Wednesday 30 December 2009

US Administration: Politics, not Lawfare

US Administration: Politics, not Lawfare

The Obama administration, just like the Bush administration before it, isn't interested in allowing a damages case against the Palestinian Authority for the murder of an American citizen, Esh Kodesh Gilmore, in 2000. Of course, the government shouldn't be the one to decide that sort of thing, you'd think, but the reality is that it does, even in the United States.

There's also the ironic twist, not mentioned in the news item, that Gilmore was murdered by Palestinians while guarding the East Jerusalem office of Bituach Leumi, the Israeli equivalent of Social Security - i.e, the place that pays large sums of money to Palestinians in East Jerusalem who aren't even Israeli citizens, as has been mentioned here in the past. Makes you wonder who the Palestinian murderer thought he was attacking.

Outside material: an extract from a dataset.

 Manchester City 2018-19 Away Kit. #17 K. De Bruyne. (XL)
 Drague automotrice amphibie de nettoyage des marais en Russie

Personally, I support the administration's position. Gilmore's murder was part of a political struggle, not a bank robbery, and the trial is intended to impinge upon a political process. The American government - a political entity through and through, by definition - wishes to keep the lawfare part out of the politics part. So long as they do so consistently, they're right. It would be pleasant for once to see our enemies squirming on the lawfare defendant's bench, but it wouldn't make the world a better place. Lawfare is a bad thing, no matter which side is doing it.